Aclamado pela crítica e público, Ryan Murphy provou ao longo de 10 anos que o sucesso de ‘Glee’ não foi ocasional. Além de colecionar Emmys e espectadores fiéis, o showrunner também deixou seu estilo de narrativa marcado nas séries e ‘Hollywood’ consolida este cenário ainda mais. Sendo uma verdadeira homenagem ao cinema americano na década de 1940, a produção em exibição na Netflix recria o visual da época com perfeição, porém, fantasia excessivamente nas histórias de seus personagens, o que nem sempre é negativo, mas, nesse caso, não é suficiente para manter a trama interessante.
O ano é 1948 e diversos jovens estão desembarcando em Los Angeles na esperança de viver o sonho hollywoodiano. Entretanto, para se tornar alguém na indústria, os aspirantes precisam sobreviver na cidade e fazer bons contatos. É assim que o ex-soldado Jack Castello (David Corenswet) passa a se prostituir enquanto tenta estrear como ator. Pelo caminho ele conhece Archie Coleman (Jeremy Pope), um roteirista negro e gay, o diretor Raymond Ainsley (Darren Chris) e a influente Avis Amberg (Patti LuPone).
Apesar de possuir uma grande quantidade de personagens, os roteiros conseguem aproximar todos na intenção de fazer o filme ‘Meg’ ser rodado com uma protagonista negra. Como principal linha condutora da narrativa, Castello é um galã tradicional: sobreviveu à guerra, trabalha para sustentar a família e seu sonho. Entretanto, mesmo o mais básico dos personagens consegue ter bons momentos como o diálogo com Avis no primeiro episódio, o qual mostra a grande homenagem ao cinema que “Hollywood” propõe.
Nem drama, nem comédia
Logo de cara, a produção nos apresenta esquemas verídicos de prostituição, tudo visto de forma cômica. Caso um tom dramático fosse explorado, suas tramas se tornariam bem mais convincentes. Um elemento que marca muito essa visão cotidiana sobre temáticas mais sérias é a trilha sonora, sempre remetendo à década de 1940 e dando uma leveza desnecessária para momentos mais tensos.
Essa escolha pelo humor não apenas deixa diversas falhas no roteiro como também prejudica seus personagens. Um claro exemplo disto é a história de Rock Hudson: como uma das personalidades reais sendo retratada na série: a trajetória do astro de “Assim Caminha a Humanidade” não ganha a dramaticidade necessária apesar de existir um maior direcionamento para tal. Mesmo parecendo inocente, o humor como subterfúgio acaba sendo cansativo e não contribui para aumentar o carisma de seus personagens.

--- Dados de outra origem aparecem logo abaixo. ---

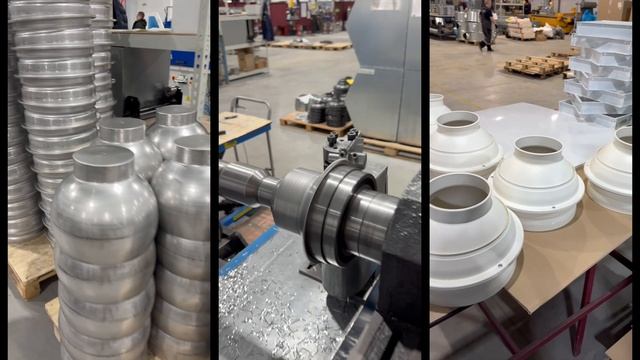 СОПЛОВЫЙ диффузор для больших помещений РЭД-KVL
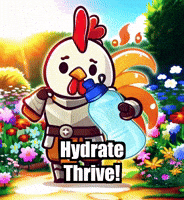 Waterbottle GIF by Zorooster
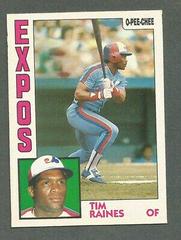 Tim Raines Baseball Cards 1984 O Pee Chee Prices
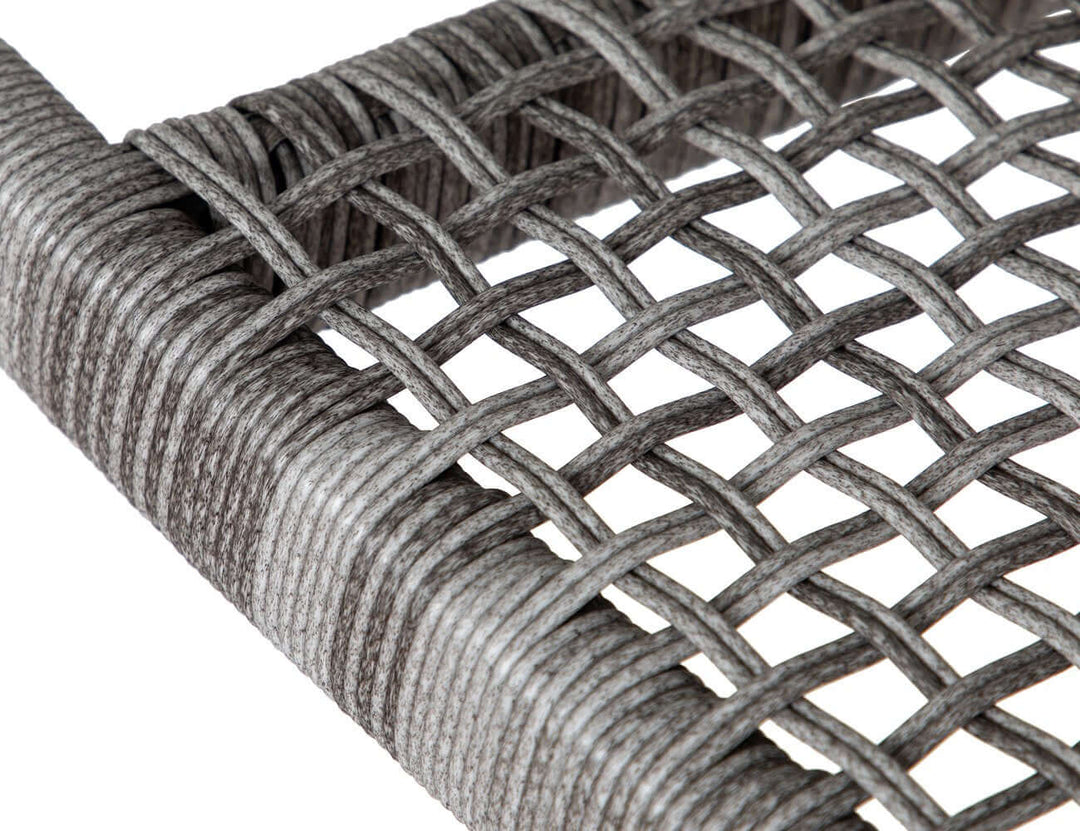 Parakeet Aluminium And Rattan Outdoor Patio Bar Chair, ,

A dificuldade dos personagens se relacionarem com o público é unicamente atribuída ao roteiro, pois o elenco selecionado se destaca positivamente. É claro que as veteranas LuPone, Queen Latifah e Holland Taylor dominam diversas cenas, mas a grande surpresa vai para o Henry Wilson, de Jim Parsons. Seu personagem se adequa bem tanto para o drama quanto a comédia e, mesmo sendo o vilão em diversos cenários, é fácil de entender sua importância para a trama, tornando suas cenas grandes momentos entre os episódios.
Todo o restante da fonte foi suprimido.